Watch this story take a twist, now.
A couple of months ago, one of our clients—a hosting company, actually—found themselves in a bind when the company they bought some of their bandwidth from decided to stop doing business here in the USA. The good news is that this company—Fasthosts—gave their customers two months to make alternate arrangements. The nearly-unbelievable news is that even though FastHosts is part of United Internet Group, a larger company that includes in its portfolio the huge consumer-directed hosting company 1and1, the only thing they had to offer US-based business customers when Fasthosts stopped operating here was that they do business with Fasthosts UK.
That would be fine if it actually worked. I love England, the people there speak my language, and the Fasthosts UK charges were almost the same as what Fasthosts charged here. But guess what? There was no way to migrate from Fasthosts here to Fasthosts there. At that point, Fasthosts became just another company vying for business they had previously earned.
Better formulated business process could have addressed this, just as GoDaddy’s DNS issues could have been avoided. And now, it gets really interesting.
When Fasthosts shut down and the smoke from that fire had cleared, the question my client asked was this one: I’m still floored that they aren’t even trying to sell off their customers; can you think of any other example of a business doing this? And while I didn’t have examples at my fingertips, I have the experience to comment, and again, this is all about business process:
“Ultra-cheap hosting customers bring in so little revenue per capita and very little profit and are therefore only valuable in the aggregate” is the big point here. Absent correctly-designed business process there was no way to magically sell off their base and have them just work in someone else’s systems.

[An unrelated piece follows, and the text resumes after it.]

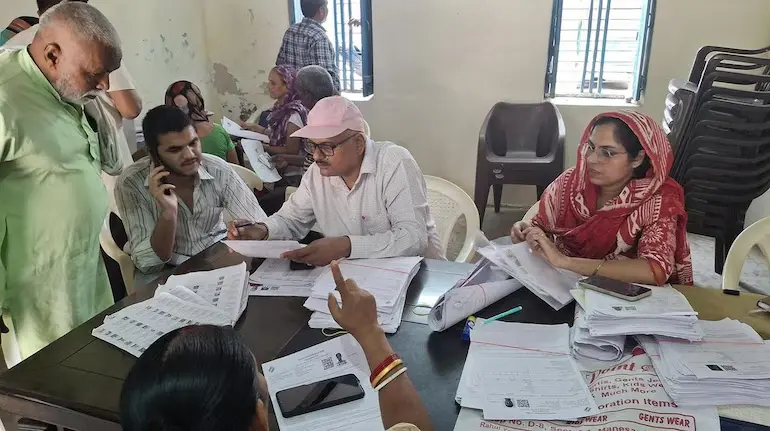 delhi-sir-draft-voter-list-2026-477-lakh-names-claim-form-6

This underscores how important having and sticking to standardized business processes can be; had Fasthosts done that they could have just transferred everyone and waited to see how many revolted, or sold the business. But lack of those standards made it so Fasthosts couldn’t pull off an internal transfer, so if you’re a GoDaddy and are offered “the base” for acquisition but have to then handle account migration manually, what’s the value?
In other words: we do our more-expensive-but-still-affordable hosting by adhering to business process standards, and that enables to to provide great customer service. Fasthosts failed at that and had to shut down a big business as a result. GoDaddy failed to define their business process well enough and took down millions of web sites.
But customer service, while not necessarily expensive, isn’t free.
It’s your business. If you provide great customer service, your customers will thank you. And you might even find they’re willing to pay for it.